====== Records supplied ======

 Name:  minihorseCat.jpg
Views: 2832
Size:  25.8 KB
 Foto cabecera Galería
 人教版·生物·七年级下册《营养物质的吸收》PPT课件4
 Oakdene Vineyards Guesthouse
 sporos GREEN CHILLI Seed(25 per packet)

======
====== Records supplied ======

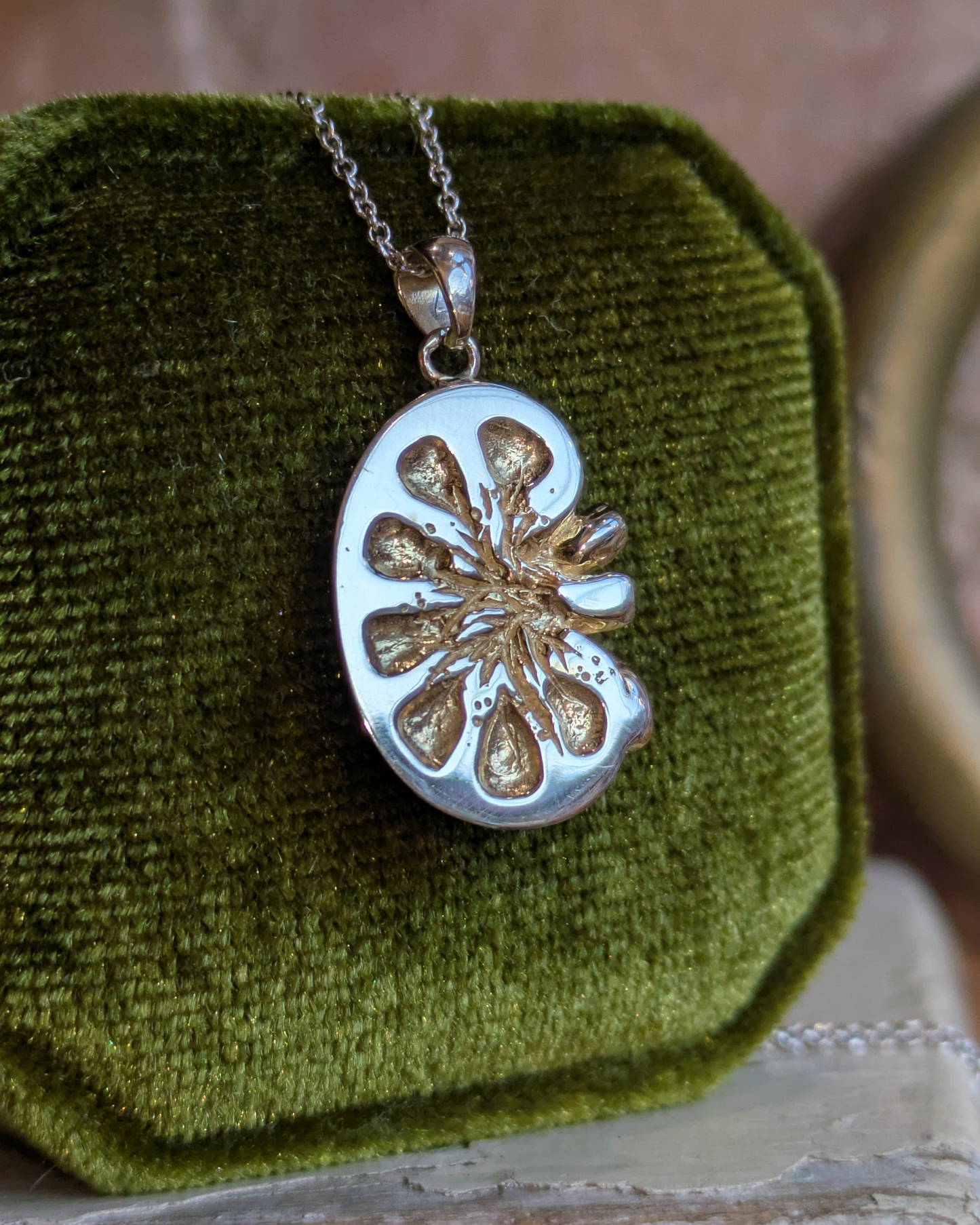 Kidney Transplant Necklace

======
====== Records supplied ======

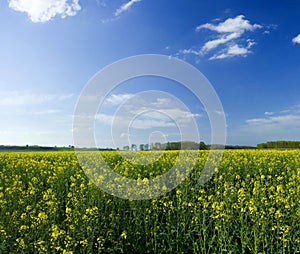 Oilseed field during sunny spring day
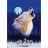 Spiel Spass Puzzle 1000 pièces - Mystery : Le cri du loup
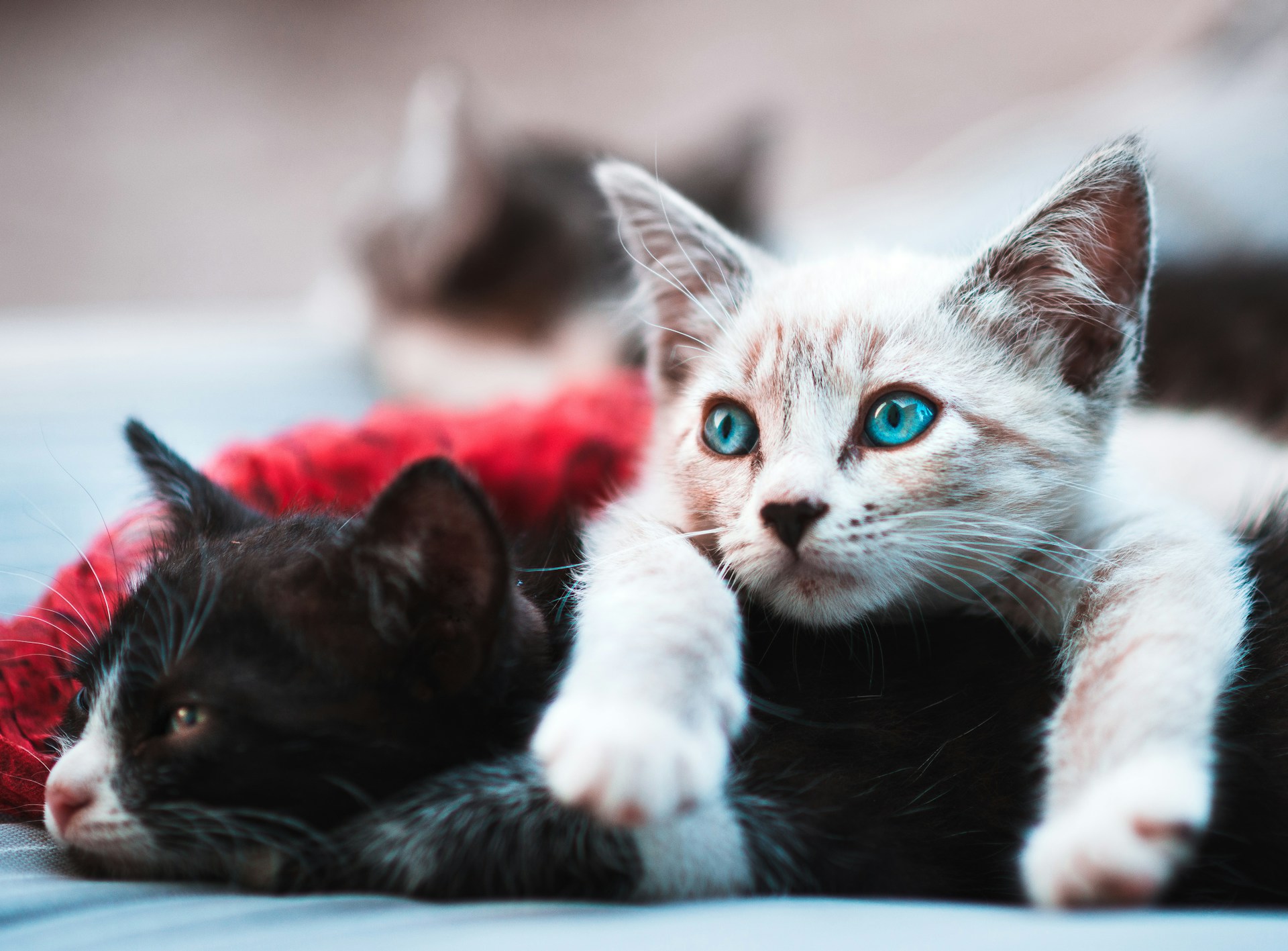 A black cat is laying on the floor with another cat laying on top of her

======

#### Task to carry out:
Beginning at the line with "Oakdene Vineyards Guesthouse" and stopping after the line with "sporos GREEN CHILLI Seed(25 per packet)", please write out every line of the data above exactly and nothing else.

#### Answer to this exercise:
 Oakdene Vineyards Guesthouse
 sporos GREEN CHILLI Seed(25 per packet)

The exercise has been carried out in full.